- [Task to carry out]
Your reply should contain nothing except the lines from the one with "Ceramics Tiki beer" through the end of the listing below, reproduced exactly and stripped of pictures.

━━━ Dataset extract ━━━

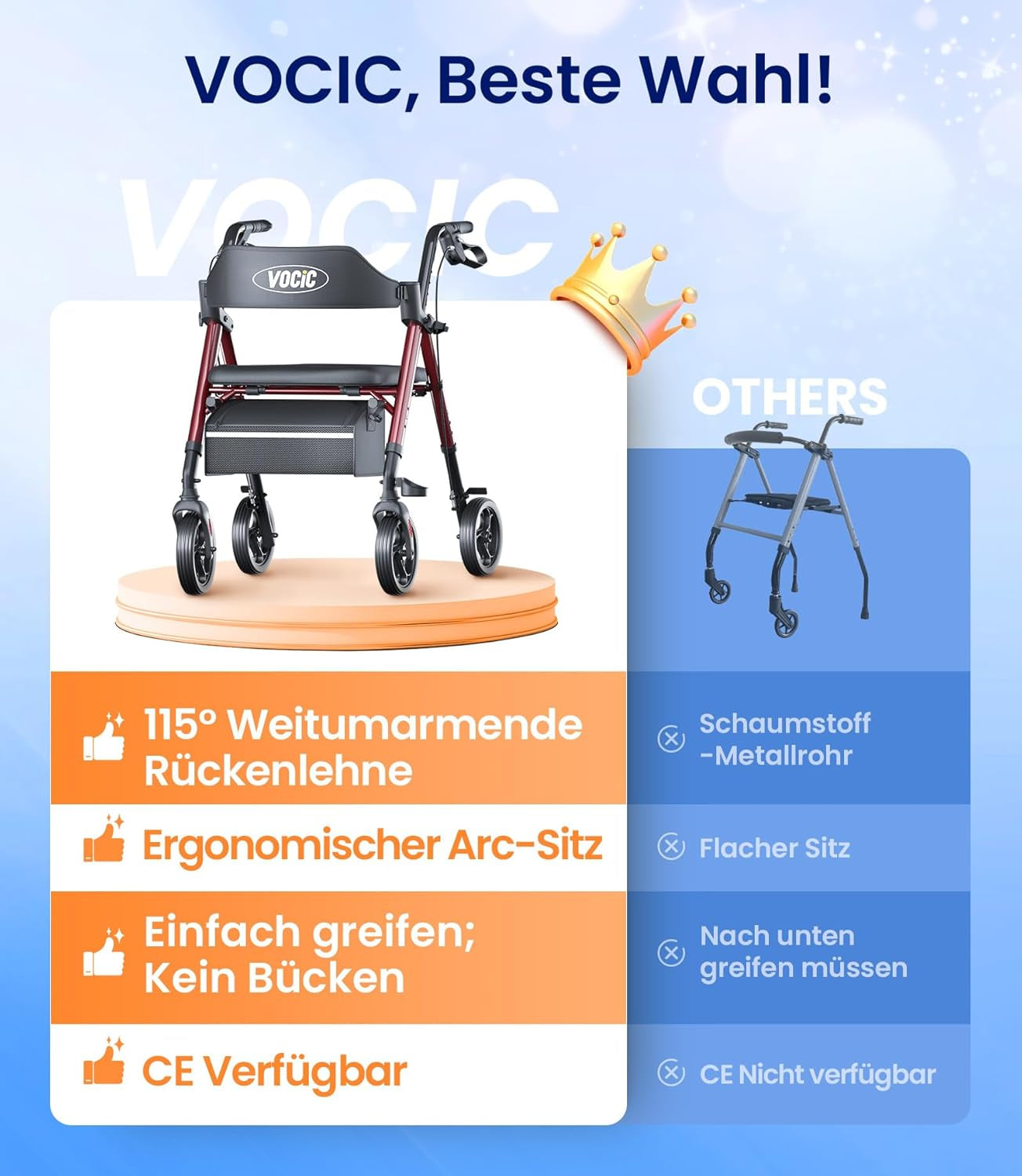 Rollator faltbar leicht mit Sitz für Senioren dunkelrot 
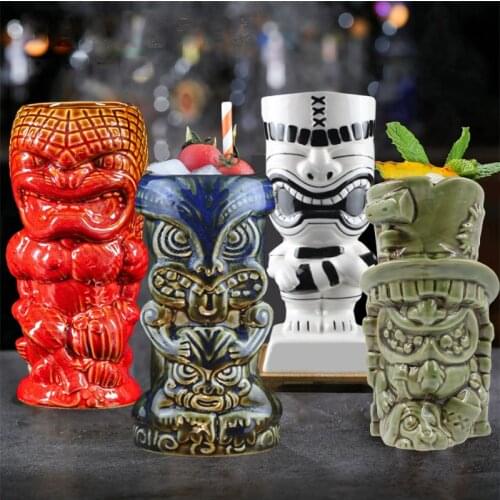 Ceramics Tiki beer mug mask bar mugs porcelain crafted eco friendly cups vodka Cocktail Wine tumbler utensils personalized gifts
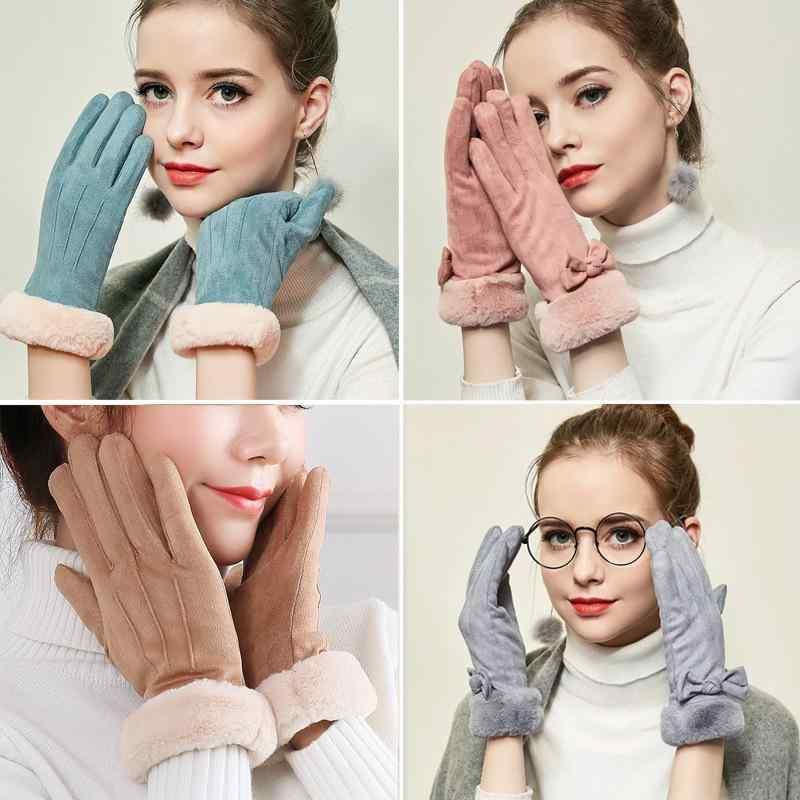 手袋 レディース スエード グローブ 秋冬 防寒 暖かい スマートフォン対応 三本線 裏起毛 かわいい カートゥーン ベージュ グレー ブラック レッド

━━━

- [Output for this exercise]
 Ceramics Tiki beer mug mask bar mugs porcelain crafted eco friendly cups vodka Cocktail Wine tumbler utensils personalized gifts
 手袋 レディース スエード グローブ 秋冬 防寒 暖かい スマートフォン対応 三本線 裏起毛 かわいい カートゥーン ベージュ グレー ブラック レッド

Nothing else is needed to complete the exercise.